# A Tietze-like Theorem

Suppose $X$ is a normal (Hausdorff) zero dimensional topological space and $C\subset X$ is a closed set. Let $f:C\rightarrow \mathbb N$ be continuous. By the Tietze extension theorem, there exists a continuous $g:X\rightarrow \mathbb R$ such that $f\subset g$. I want to know if we can guarantee that there exists a continuous $g:X\rightarrow \mathbb N$ such that $f\subset g$ (even if f is not bounded).

I know that in general it's not true since that would imply that every normal topological space that has at least two points is not connected, therefore I added the zero dimensional hypothesis.

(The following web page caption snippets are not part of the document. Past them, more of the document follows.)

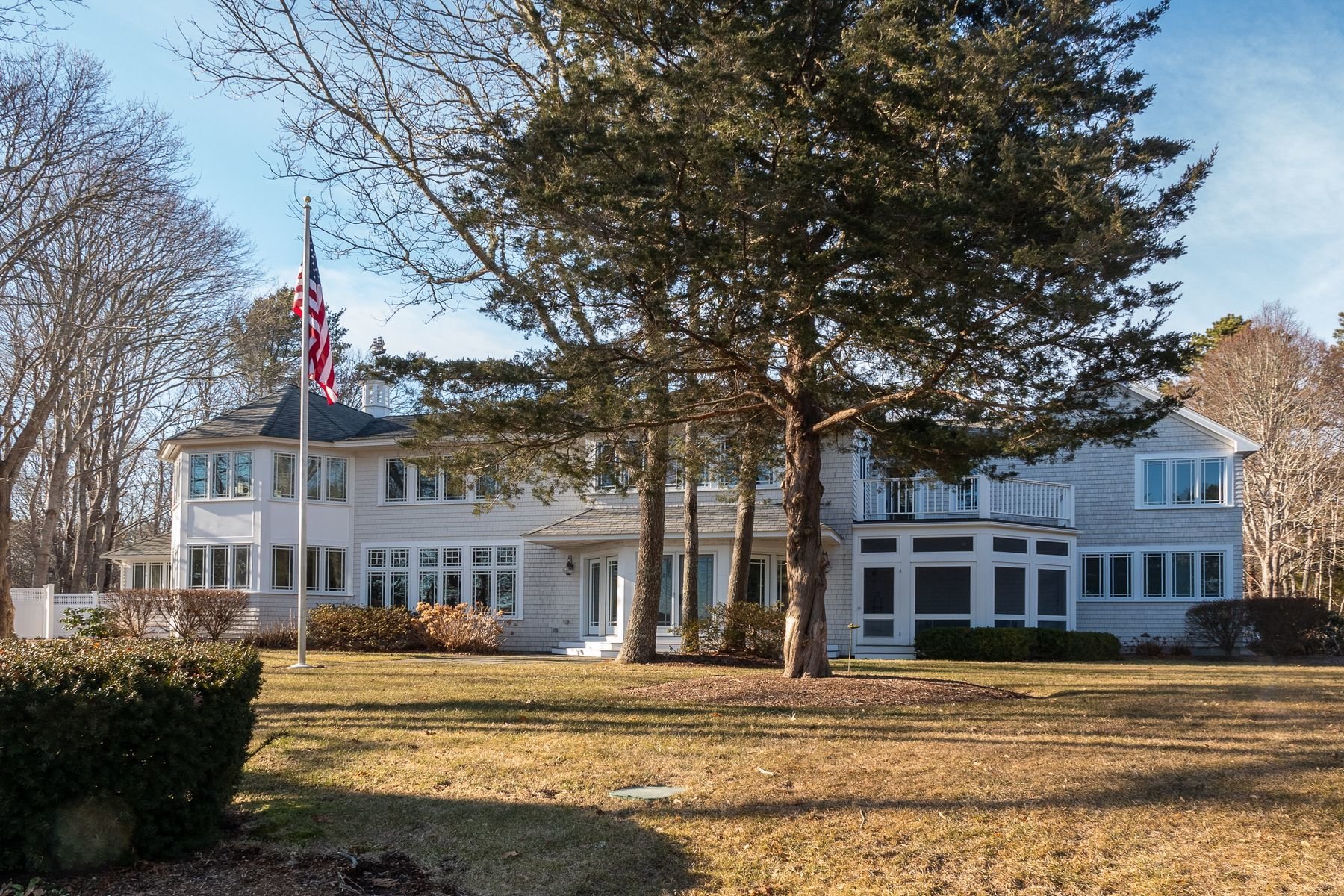 108 Little River Road, Cotuit, Ma in Cotuit, MA, United States for sale (10487965)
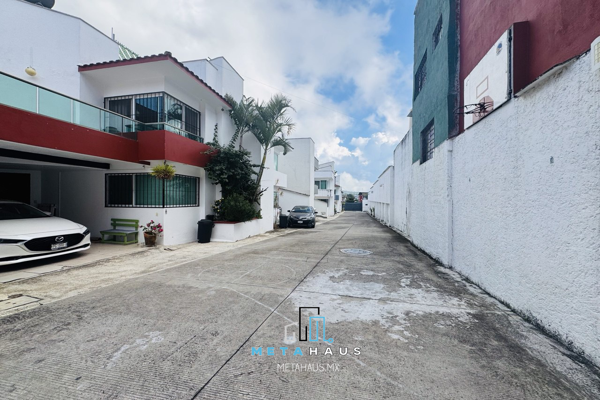 Foto de inmueble en El tejar, Col. Jardines de Xalapa C.P. 91179, Xalapa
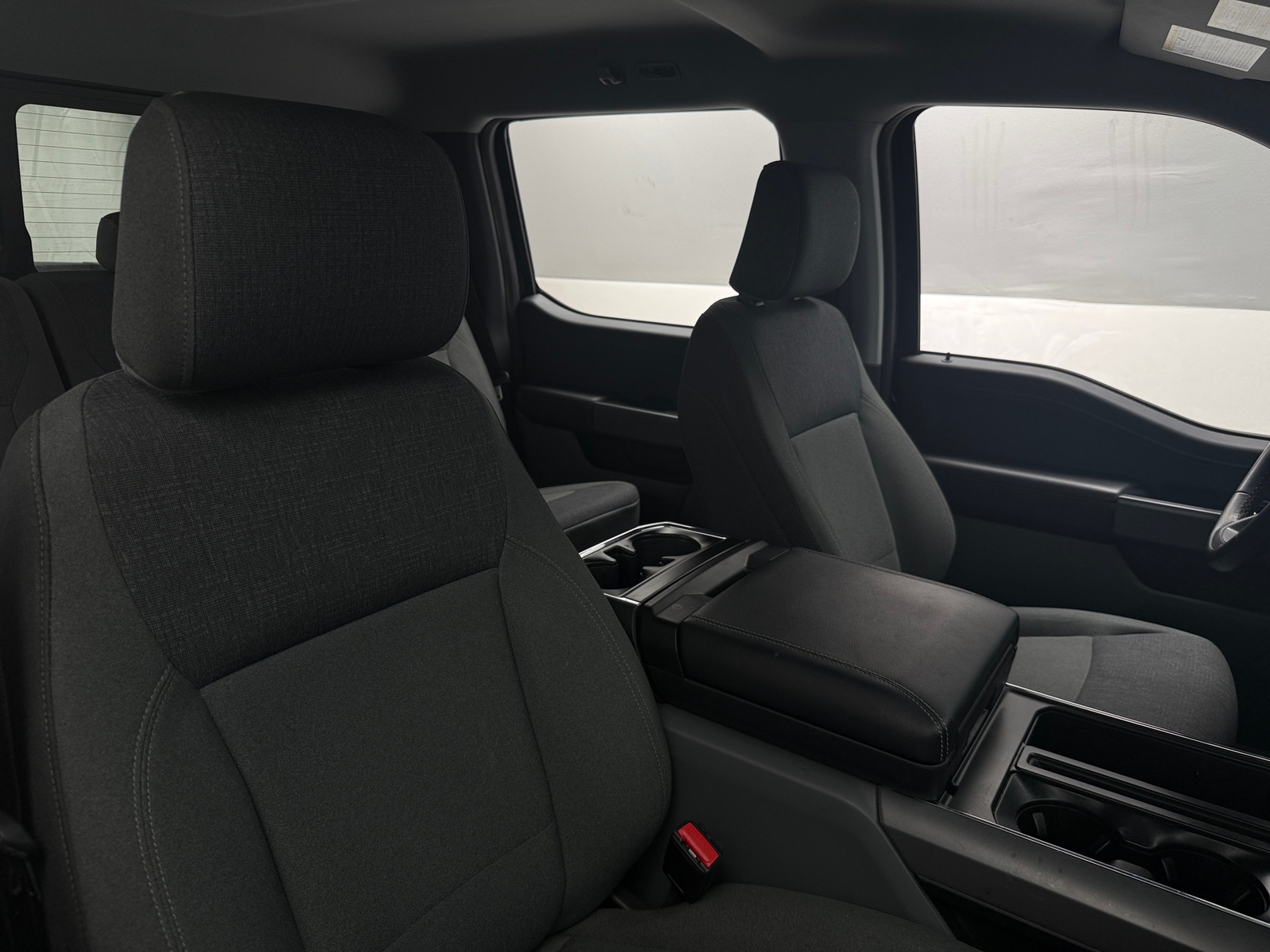 Thumbnail: 2024 Ford Econoline - 2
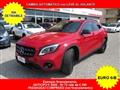 MERCEDES CLASSE GLA d Automatic Sport -IVA ESPOSTA- Unico Proprietario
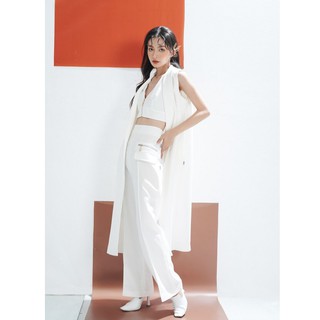 Áo ghile choàng cổ sam c4242 cchat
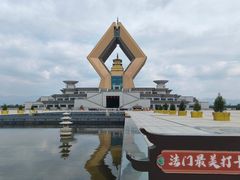 -法门文化景区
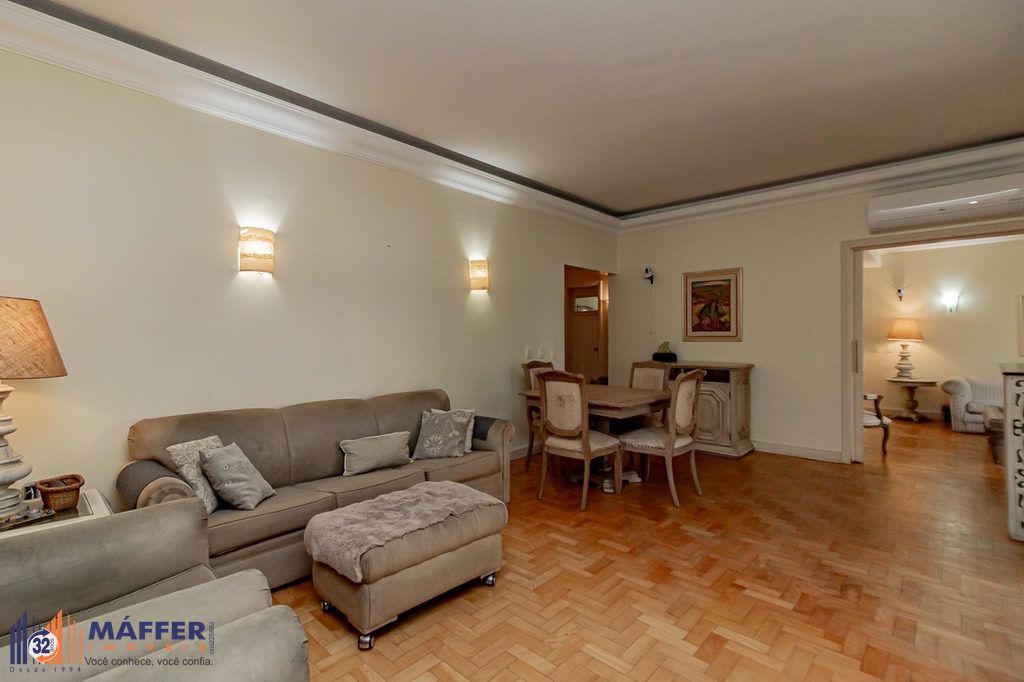 Apartamento, 3 quartos, 143 m² - Foto 54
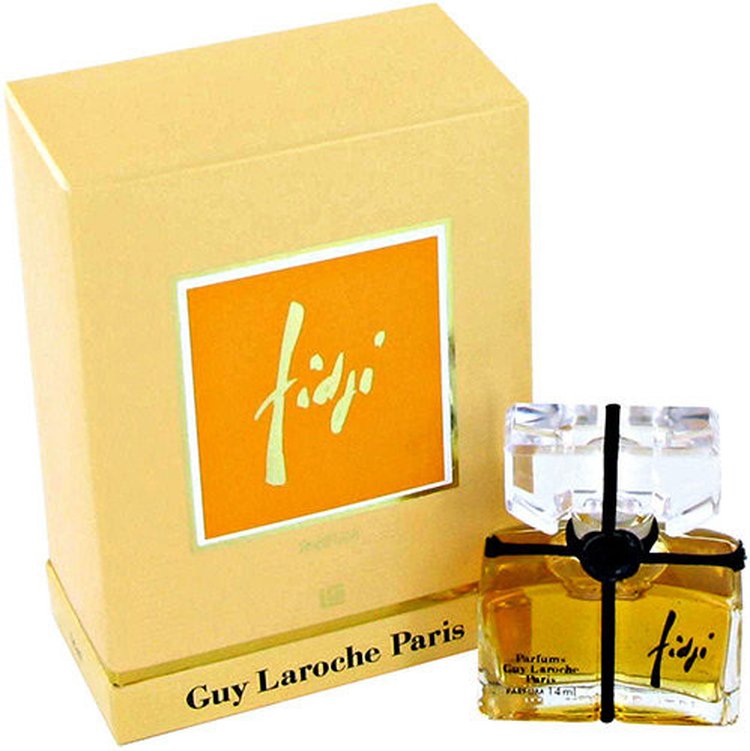Guy Laroche Fidji Винтаж купить в Москве - Shoppard.ru
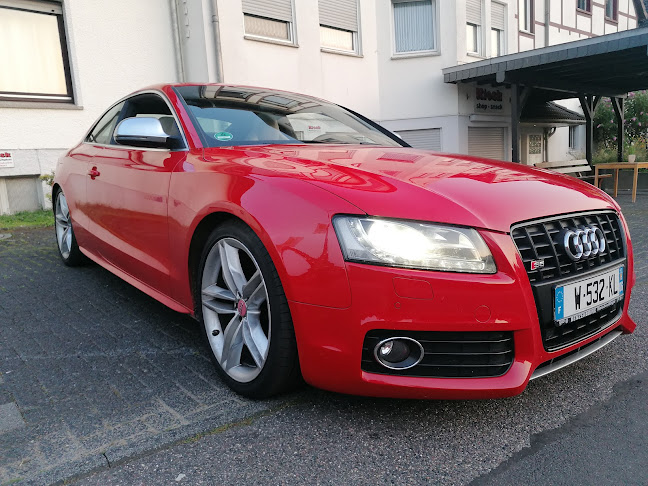 Les Experts Phygi-Auto - Concessionnaire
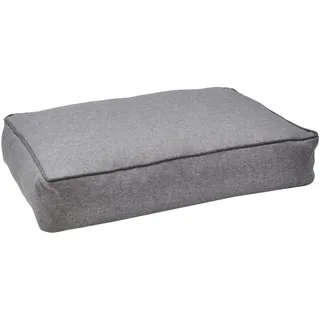 Aumüller Hundekissen Basic Line 58 cm grau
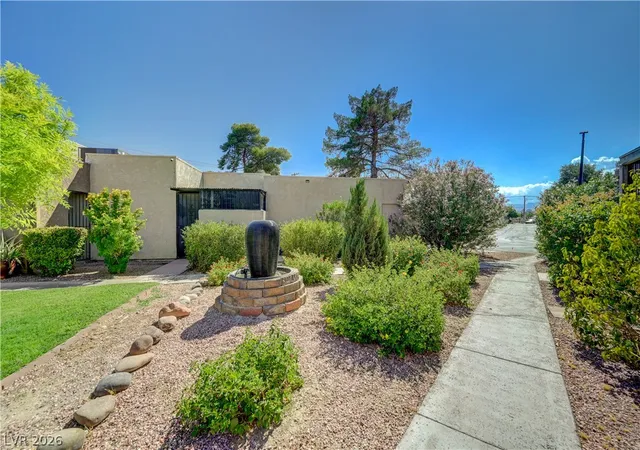 Photo 3 of Townhouse for sale at 4245 Park Ct, Las Vegas, NV 89110 | MLS# 2793473 | Listing updated on 2026-08-27
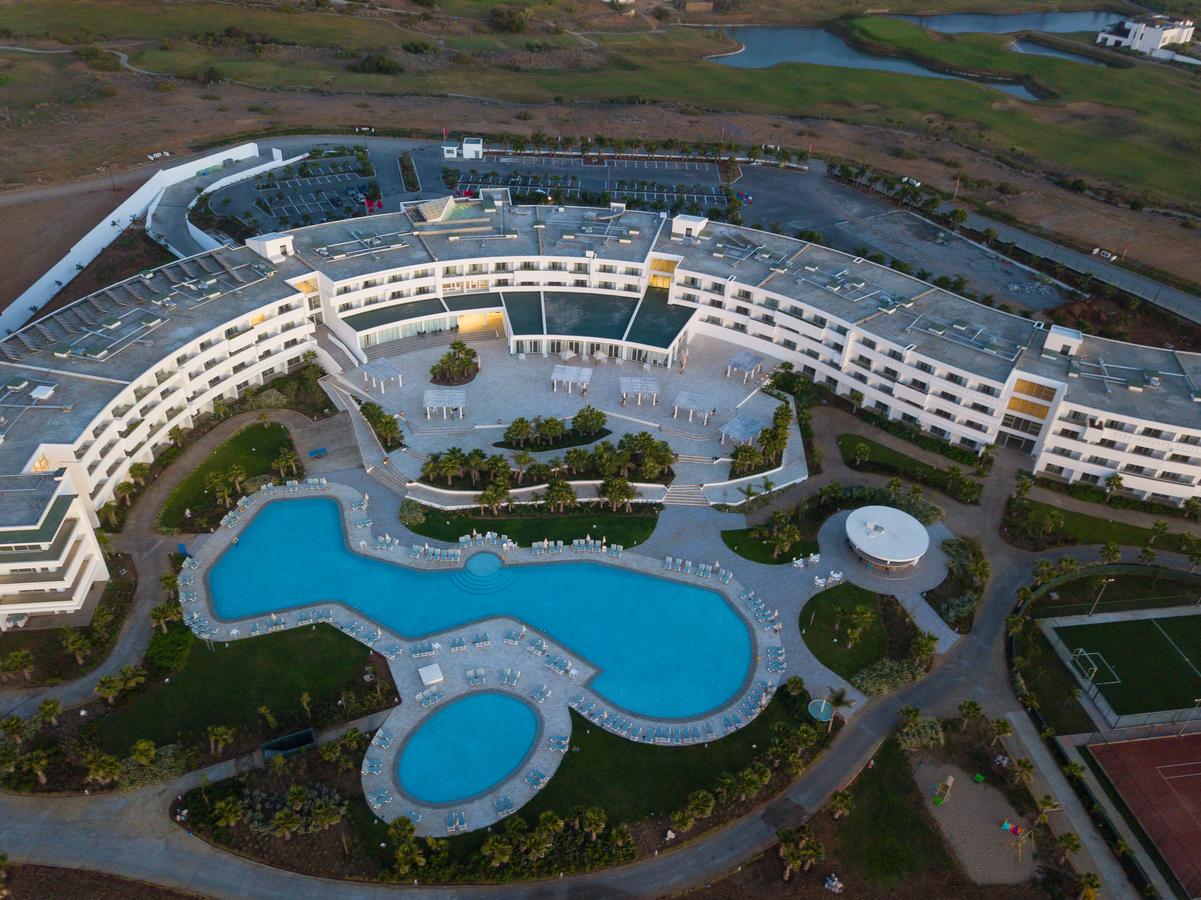 Hotel lixus beach resort — 5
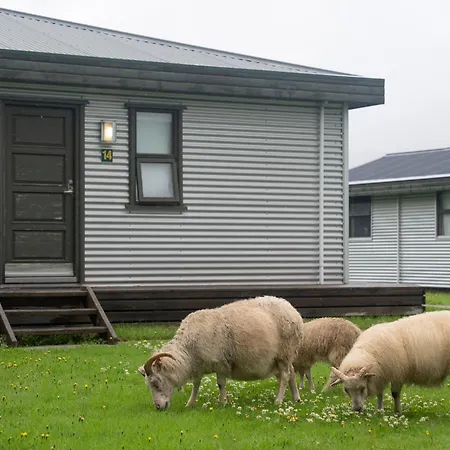 Adventure Hotel Geirland-3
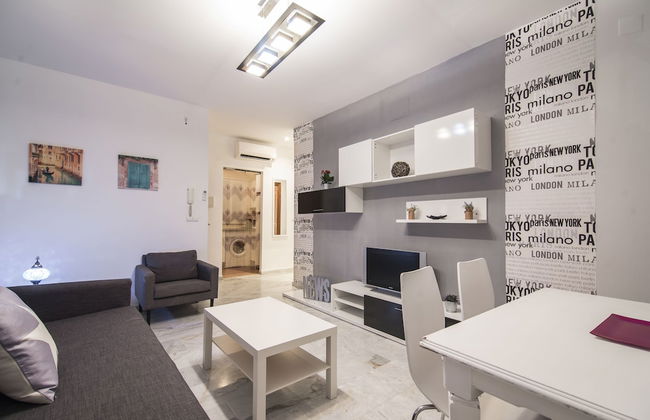Edificio Granata Prime Holidays - Foto 46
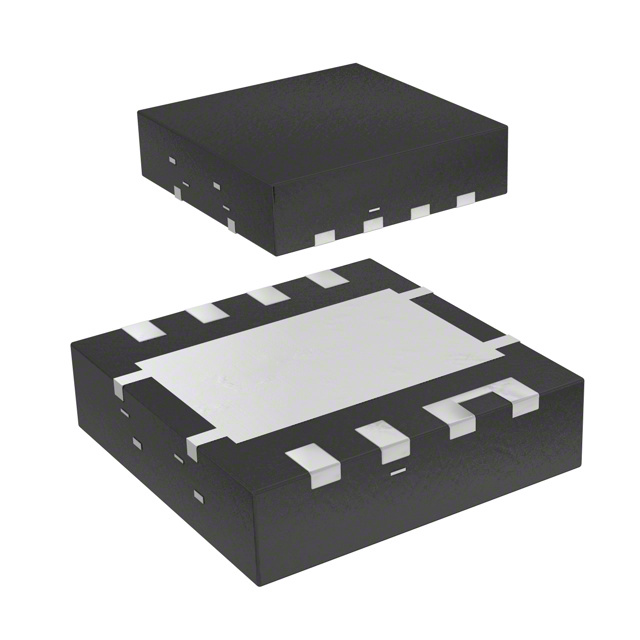 CSD86356Q5D Texas Instruments  Array FET MOSFET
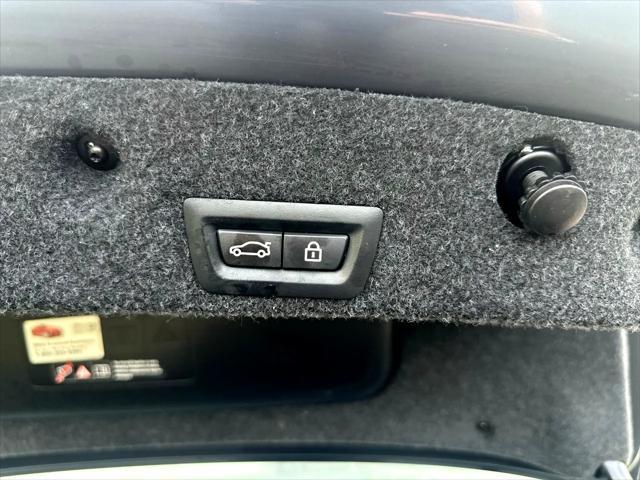 used 2012 BMW ActiveHybrid 5 car, priced at $11,995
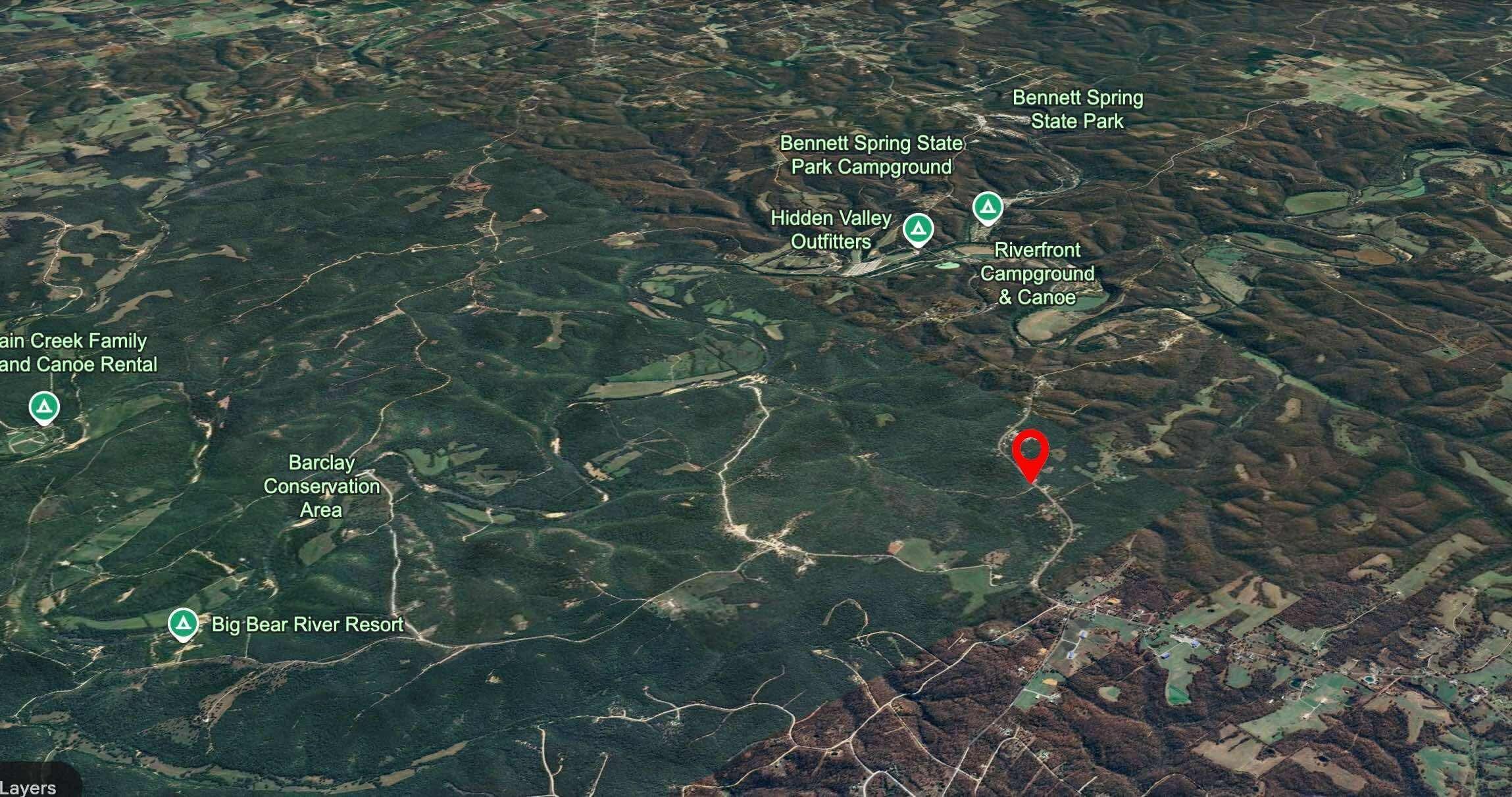 000 64 Hwy Property Photo 7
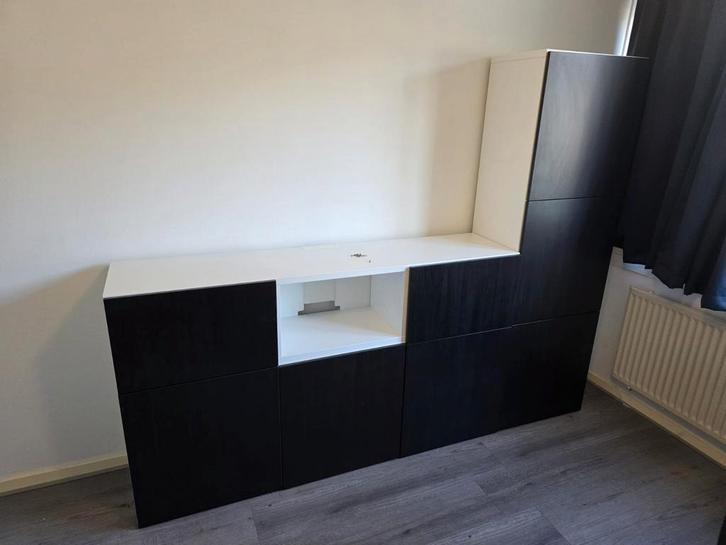 Ikea kast, Huis en Inrichting, Kasten | Overige, Zo goed als nieuw, Ophalen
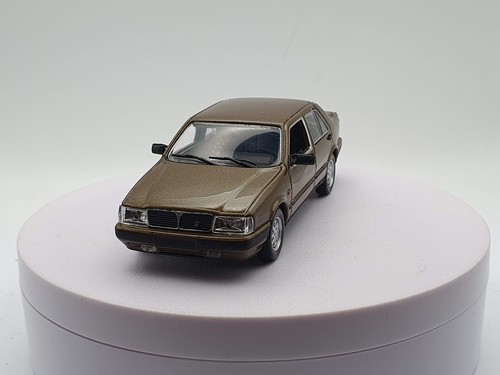 Lancia thema serie norev - lancia, 1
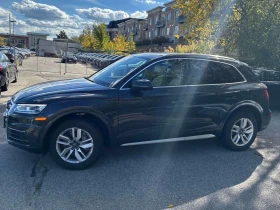 Audi Q5 * Komfort * CARFAX * ОТ ПРЕДСТАВИТЕЛСТВО НА АУДИ * - 16950 € - 30380346 2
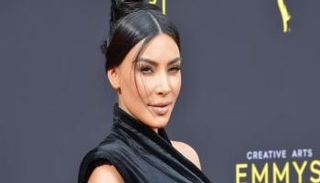 كيم كارداشيان تلتقي المتهمين بسرقتها وجها لوجه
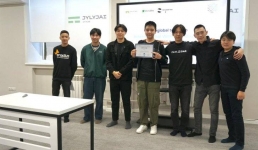 В Павлодаре выявили лидеров инноваций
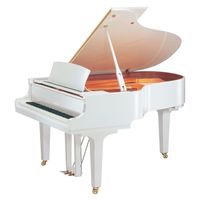Акустический рояль Yamaha C5X PWH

Edit: If it's not true, can I fix it by adding an extra hypothesis?

## 1 Answer

According to this paper, theorem 6, it is true for so called ultranormal spaces: spaces where any two disjoint closed sets are separated by a clopen set. Then we can even take any complete metric space as the codomain, including $\mathbb{N}$. This condition is clearly necessary (for any two disjoint closed non-empty sets extend the map that sends one closed set to $0$ and the other to $1$, which is a continuous map into $\mathbb{N}$ and take the inverse image of $\{0\}$). Not all zero-dimensional normal spaces are ultranormal (Roy has constructed a classical counterexample, to which the paper also refers.)